As CFOs explore ways to tackle the impact of inflation on margins, self-service analytics will be essential in driving employee productivity, according to a Gartner report. 

In December 2021, Gartner surveyed 400 finance leaders and discovered that over 50% saw self-service data and analytics as an essential driver of employee productivity. At least one in four saw it as vital for increasing business speed and agility. Self-service data analytics refers to technology and processes that finance users leverage with minimal involvement from IT departments. 

Alex Bant, chief of research in Gartner Finance, explains that two out of three finance leaders have raised their prices in response to inflation. Finding ways to improve productivity and efficiency rather than passing on inflationary costs to customers can create a critical long-term competitive advantage.

Advanced data and analytics and AI technologies generating high value and where investment is forecast to rise to include self-service data analytics, automated machine learning, cloud analytics, big data analytics and predictive analytics. 

Predictive analytics predicts a series of outcomes overtime or the distribution of an outcome that could occur for a specific event, using techniques like driver-based forecasting, time-series forecasting and simulation. Predictive analytics is one of the most popular use cases for finance executives automating their forecasting processes.

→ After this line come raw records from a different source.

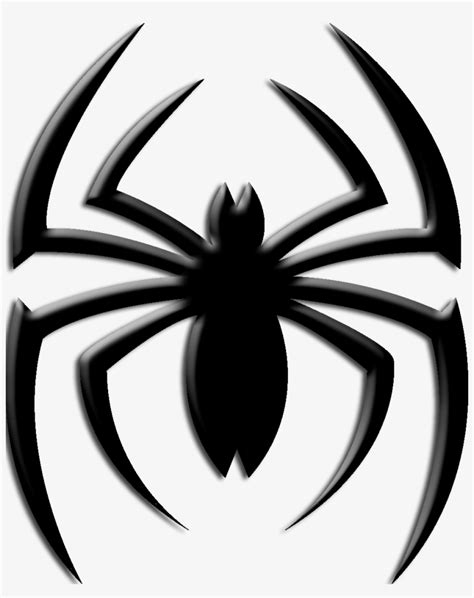 Spiderman Symbol Clipart - Ultimate Spider Man Logo - Free Transparent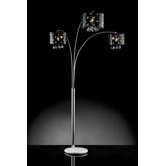 Star Crystal 3 Light Arch Lamp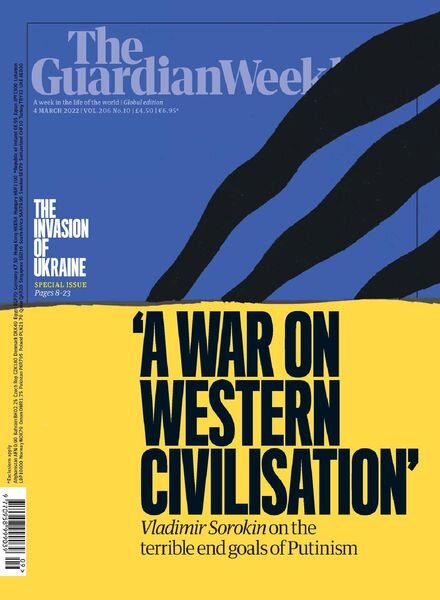The Guardian Weekly – 04 March 2022 Cover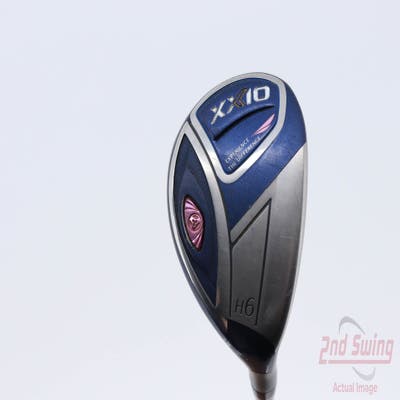 XXIO Eleven Ladies Hybrid 6 Hybrid 28° MP1100L Graphite Ladies Right Handed 38.0in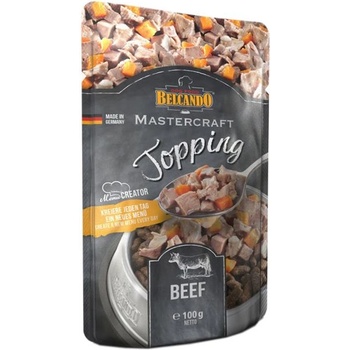 BELCANDO Mastercraft Topping Beef 100 г
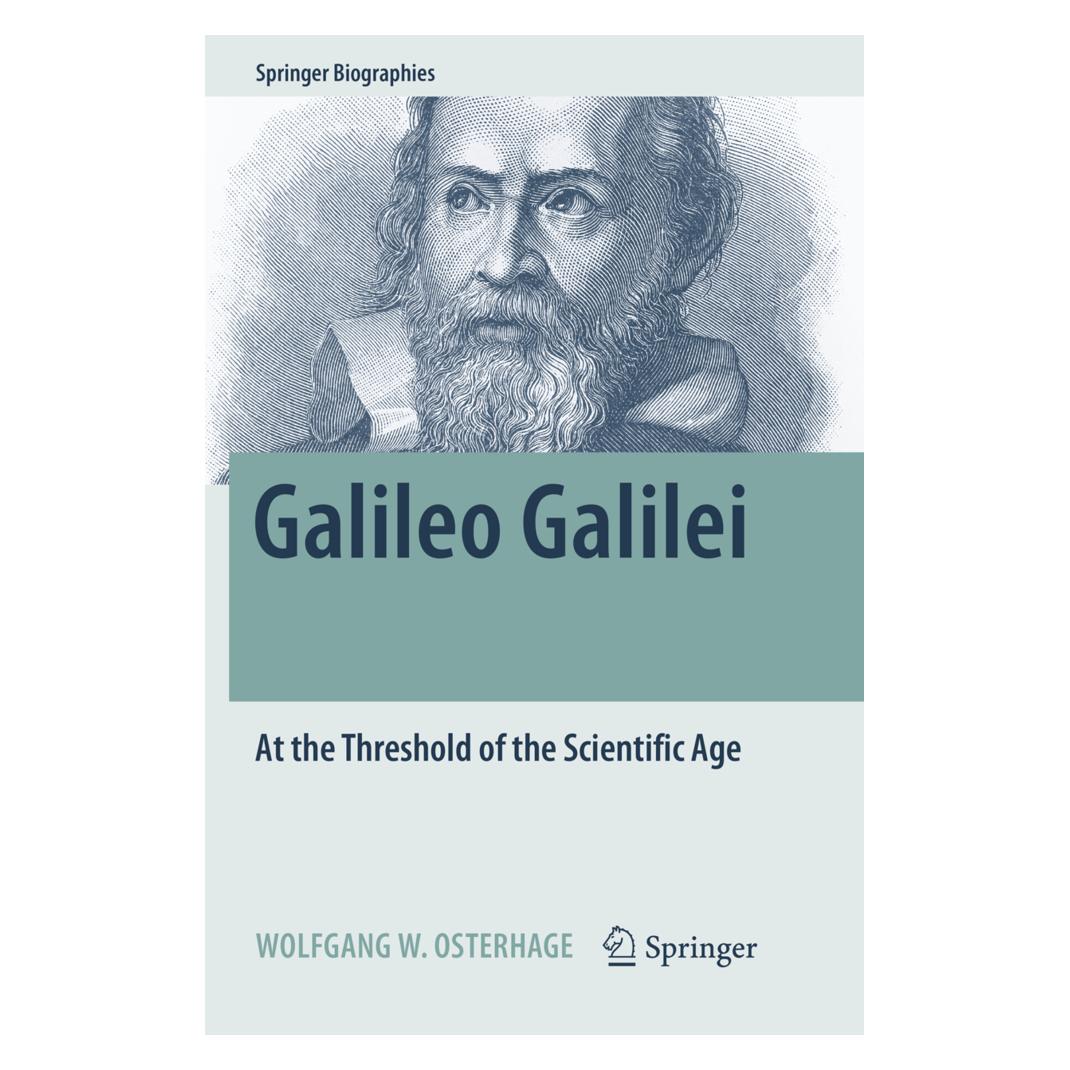 Springer Galileo Galilei (Englisch, Softcover, Wolfgang W. Osterhage) (56074804)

Bant explains that over 90% of finance leaders have increased their digital ambitions for 2022, but the same proportion is concerned about whether this development can continue due to slower growth, higher rates and the added pressure on profitability. Investment into the digital area, even as growth declines with be vital in determining the successful businesses of the future.

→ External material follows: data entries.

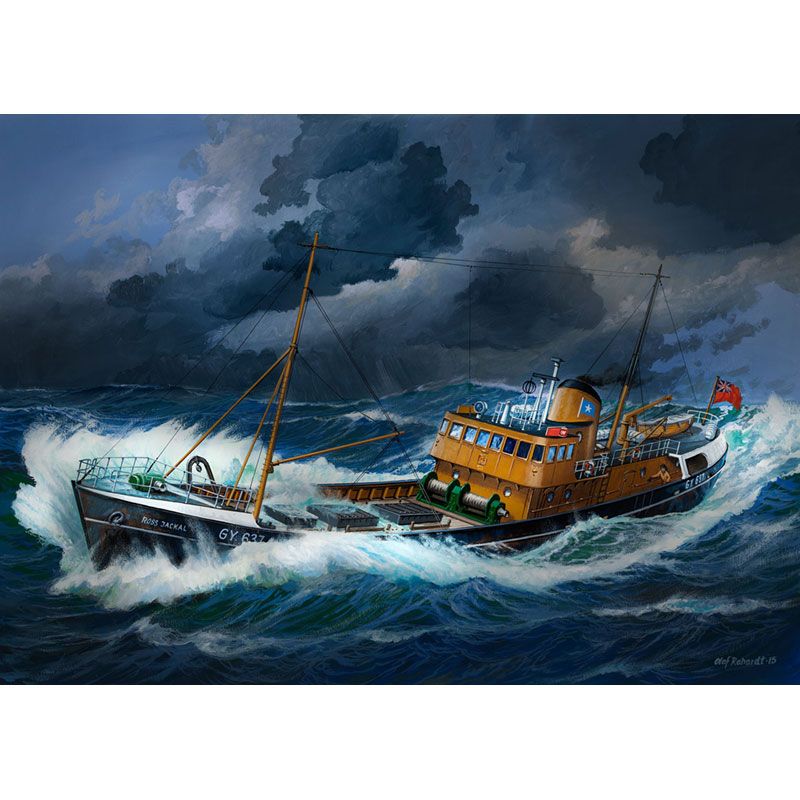 REVELL 1/142 NORTHSEA FISHING TRAWLER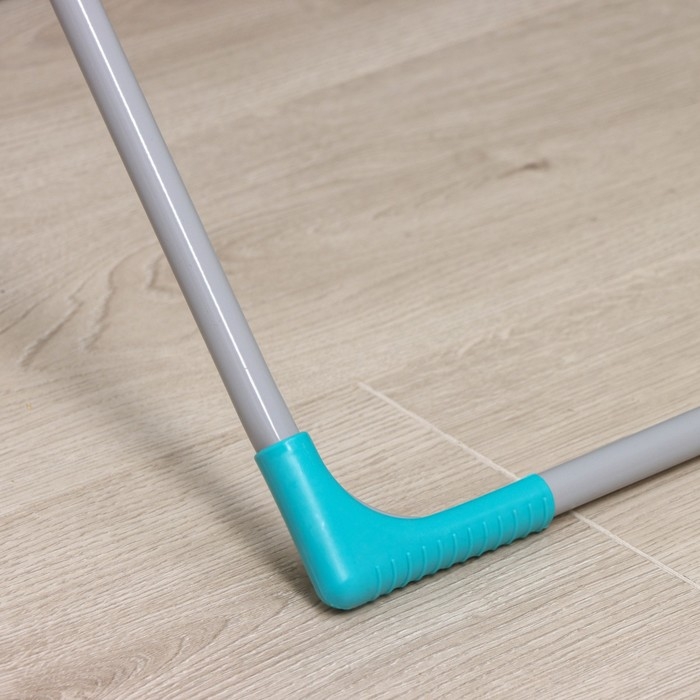 Сушилка для белья напольная, 220×50×90 см, 25 м, цвет хром Сушилка для белья напольная, 220×50×90 см, 25 м, цвет хром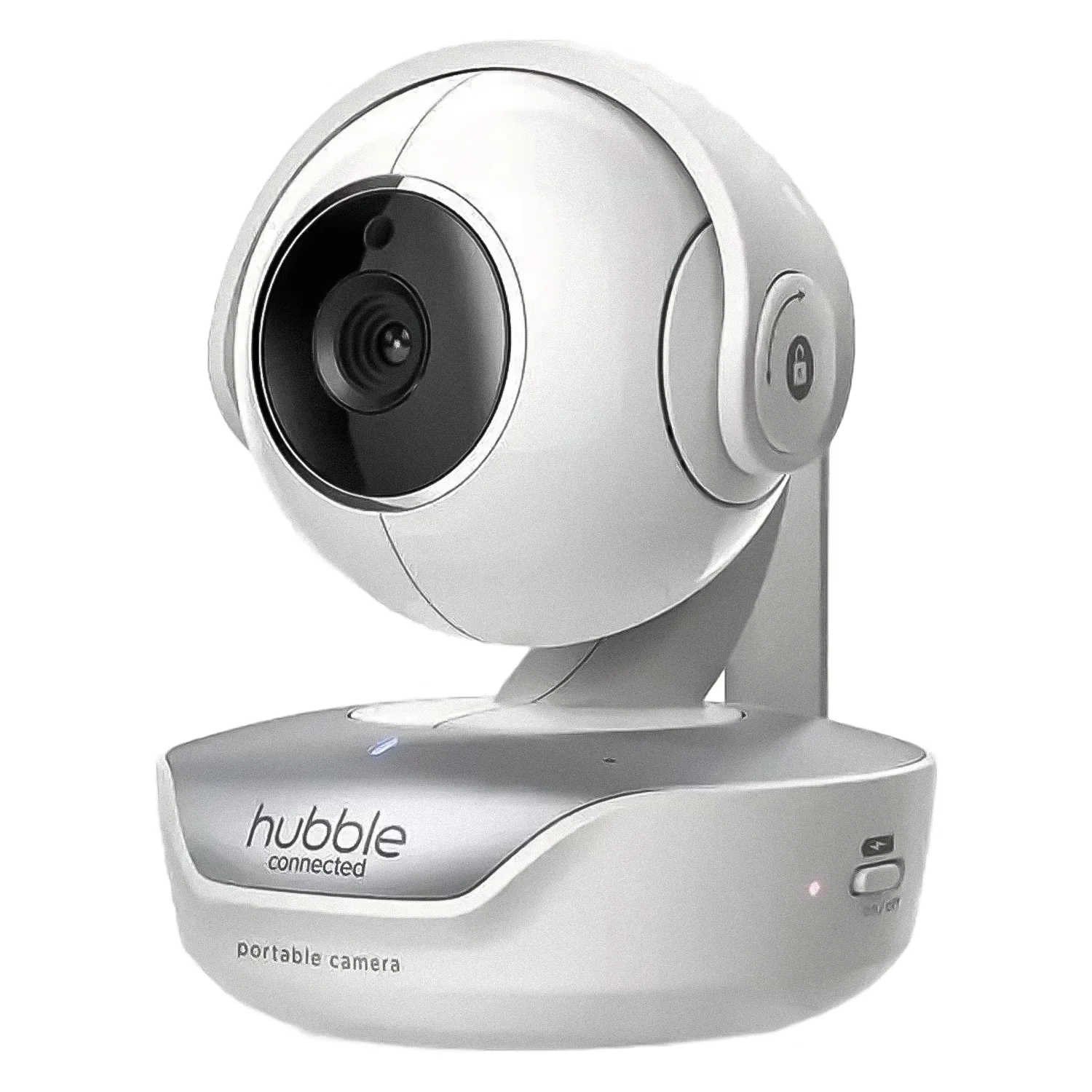 Baba Eletrônica Hubble Nursery Pal Connect WiFi 5" - Branco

Big data and predictive analytics are considered critical technologies for generating higher revenue through improving products or services. Machine Learning and cloud analytics were viewed as the best solutions to improve cost efficiency.

The upcoming Gartner CFO and Finance Executive Conference will provide insights on the issues facing CFOs on June the 6th. The conference will deliver actionable insights for CFOs and their teams to support them on their digital journey and understand what makes a team successful. The Gartner Finance practice supports finance leaders meet their top priorities and delivering on vital initiatives that spread across finance and generate business impact.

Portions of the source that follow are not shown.